2. Cultural appropriation occurs when a writer appropriates the voice or lived experience of a person or persons whose lives are outside the lived experience of that writer by including such a person in their story.
3. To avoid offending any marginalized or oppressed persons no white writer shall include in his or her manuscript any character or situation in which non-white persons are portrayed. For consistency, this same rule applies to First Nations writers, POC writers and foreign born writers. (Note, for greater clarity, we have adopted the time tested “one drop” rule for determining race. If you have a white ancestor or think you might have a white ancestor you will be deemed white regardless of self-identification, lived experience or other extenuating factors. Check your privilege.)
4. There is obviously a huge problem with ageism. Many middle-aged writers submit manuscripts in which characters in their teens or even younger appear as protagonists. We regret that we cannot publish manuscripts in which such ageist appropriation occurs. To that end, we will not be accepting manuscripts in the children’s category or young adult category without positive proof that the mss was written by a child or a young adult. All characters in your mss must be +/- five years of your own age at time of submission.

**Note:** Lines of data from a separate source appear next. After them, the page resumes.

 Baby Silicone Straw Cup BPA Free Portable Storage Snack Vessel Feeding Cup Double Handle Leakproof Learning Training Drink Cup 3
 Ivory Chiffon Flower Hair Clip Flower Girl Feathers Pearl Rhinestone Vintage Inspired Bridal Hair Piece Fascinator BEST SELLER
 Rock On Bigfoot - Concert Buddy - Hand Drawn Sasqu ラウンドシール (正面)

5. Gender appropriation: many of the mss we are offered are written by men and contain female characters and vice versa. Needless to say we are unwilling to publish mss in which male writers’ attempt to claim the female voice and vice versa. In unusual circumstances, we may allow the visual depiction of a female character by a male writer or vice versa providing always that the character so depicted remains entirely silent.

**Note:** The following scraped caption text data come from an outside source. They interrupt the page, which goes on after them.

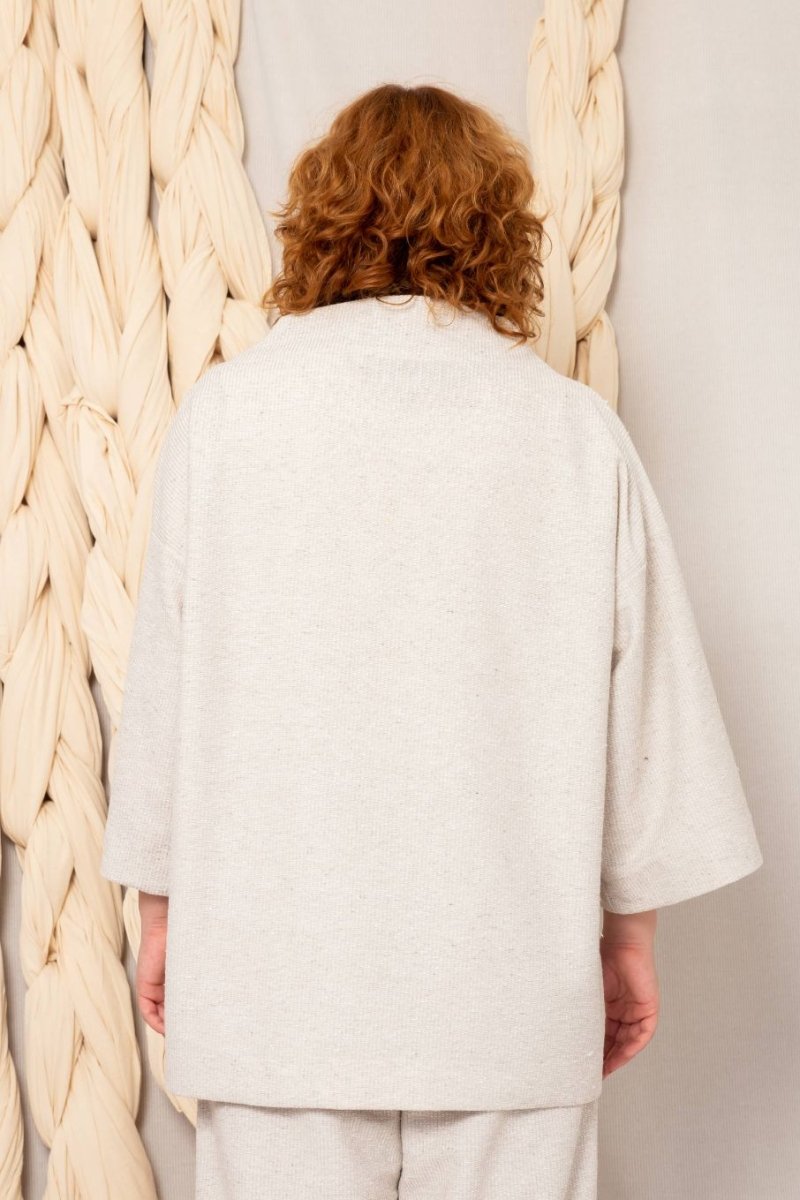 Moletom Gola Alta Oversized - Off White - Uhnika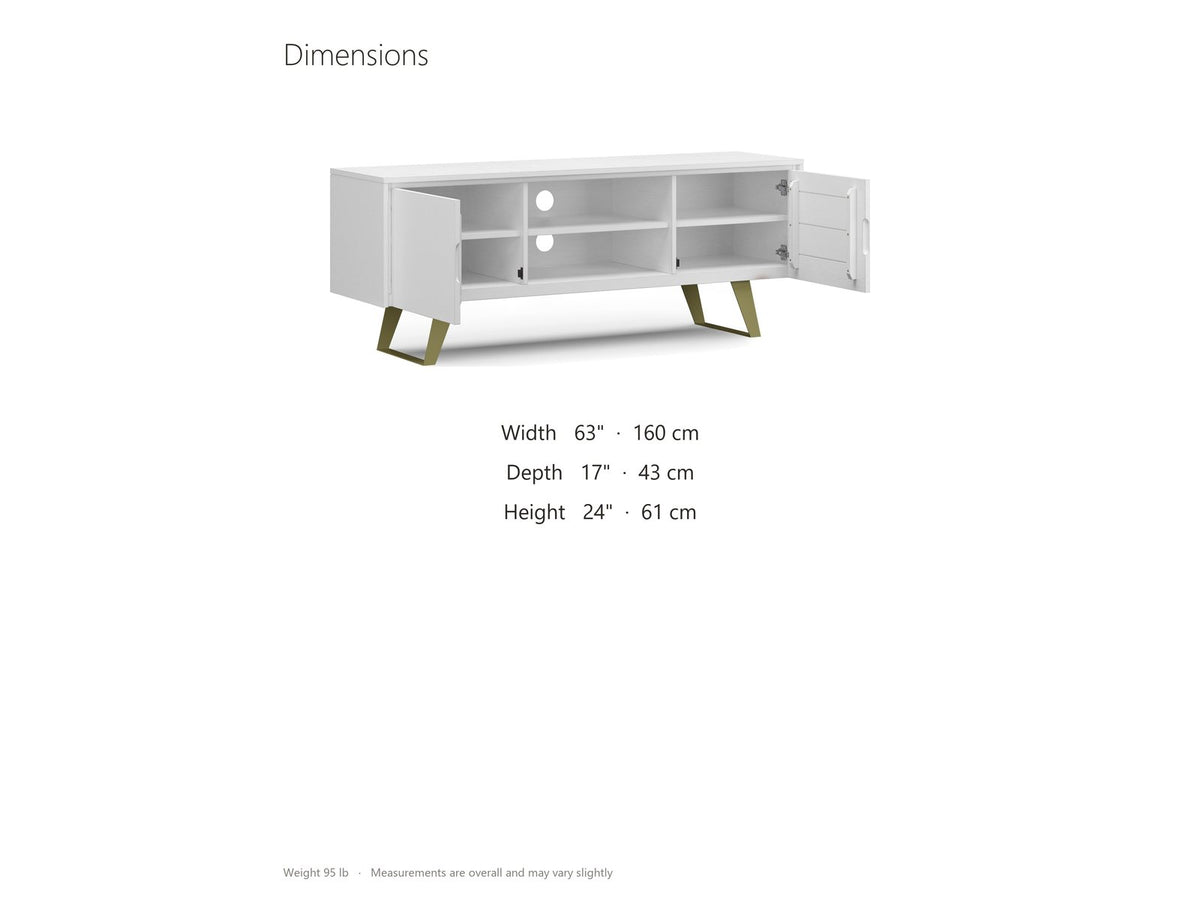 Cittadella White Media Console dimensions: 63.0 in wide, 17.0 in deep, 24.0 in high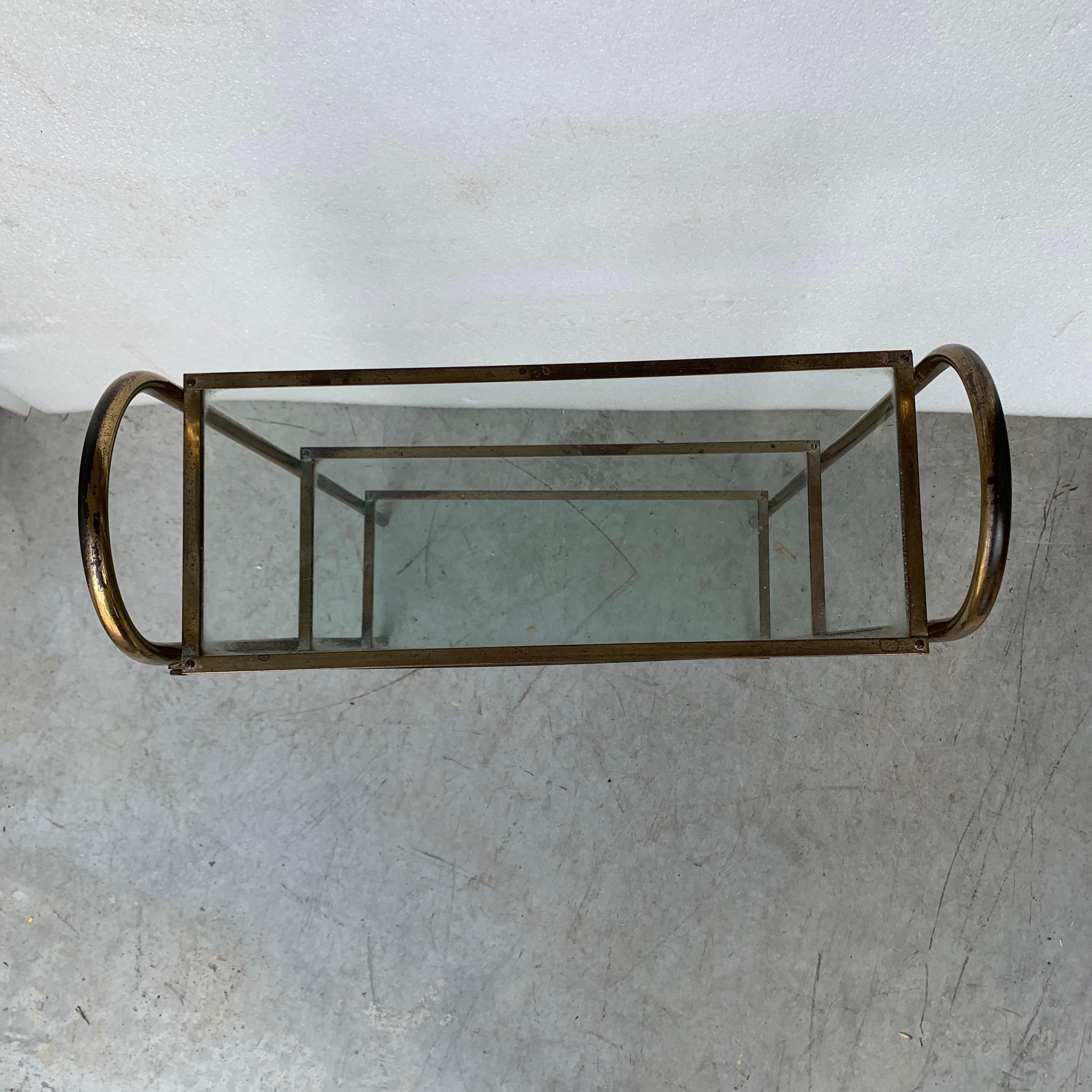 20th Century Small Narrow Mid-Century Modern Brass And Glass Shelves Bathroom Rack Shelf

6. The appropriation of sexual experience: We have been disturbed to receive mss in which hetrosexual authors include homosexual or bisexual characters. And, just as bad, homosexual authors are often guilty of portraying straight characters. These provocations will not see the light of day under the Voices colophon. You’ve made your beds now lie in them.

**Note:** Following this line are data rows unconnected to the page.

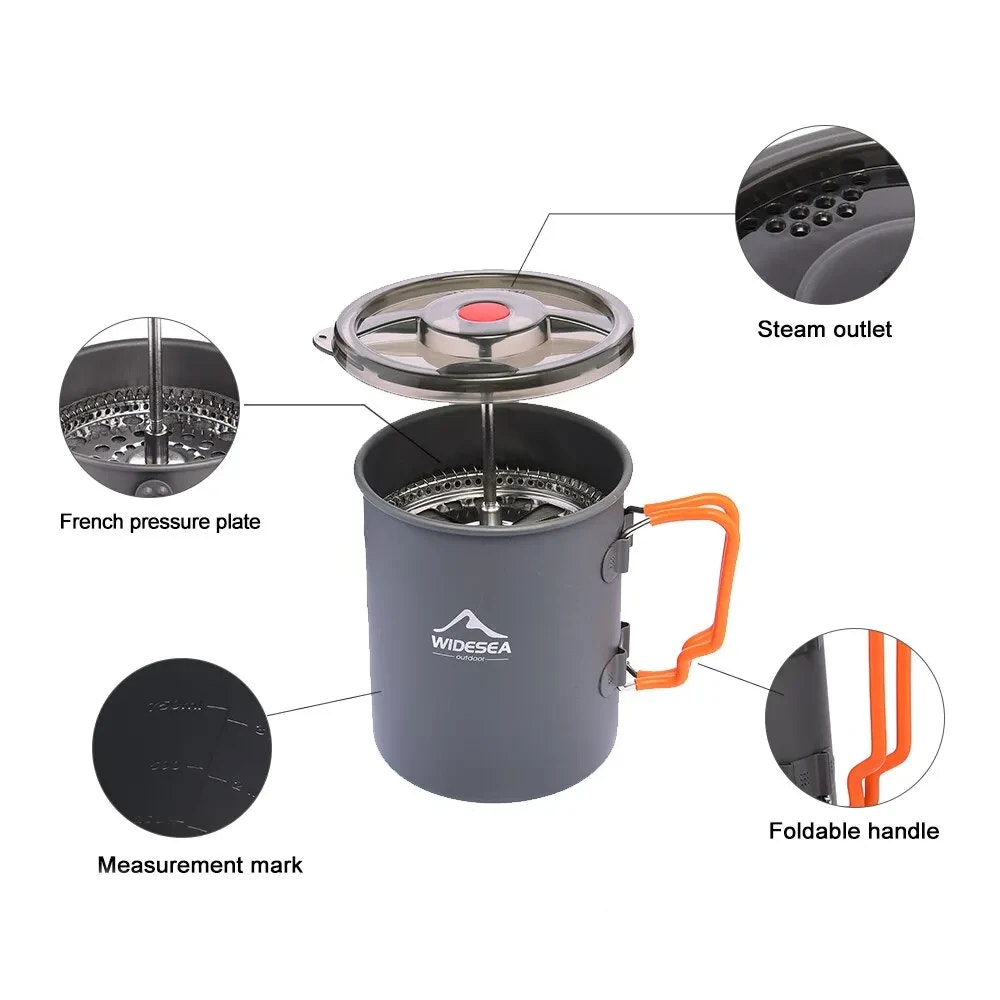 Camping coffee maker with labeled parts on a white background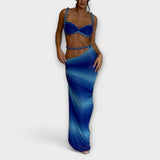 Jane - Stiilne gradientne kootud crop top ja overskirt duo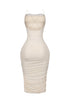 Gemma Rhinestone Mesh Ruched Dress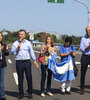 María Eugenia Vidal, Mauricio Macri y Guillermo Dietrich, durante la inauguración de una obra vial.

Many of you may regard these guidelines as simplistic or censorious. Shame on you. For each of our authors there is a simple solution which can ensure that the marginalized and oppressed voices in the great Canadian mosaic are heard. Whenever your story requires white person, a First Nations person, or homosexual, or POC, or female/male, or child/adolescent voice go and find a writer with the correct characteristics and invite them to contribute their voice and lived experience to your book. (We will, of course, require a Certificate of cultural authenticity to accompany such contributions.)
Voices Publishing believes that by following these simple guidelines we can all work together to eliminate the implicit priviledging of the individual author’s voice and build a new, inclusive, Canadian literature.
Thank you for your attention and your commitment to the elimination of the retrograde, individualist, authorial literature which has disfigured so much of Canadian Literature to this moment. Voices Publishing is committed to the celebration of our diversity.
Steve Paikin in his brilliance just lets people talk, and we find out that this whole thing is a shakedown racket from failed writers wanting royalties from successful writers.
It is no wonder leftists don’t like free speech. Whenever they are free to talk we find out they are either blithering idiots or totalitarian thugs. For a long time they were both, but they are getting good at the latter.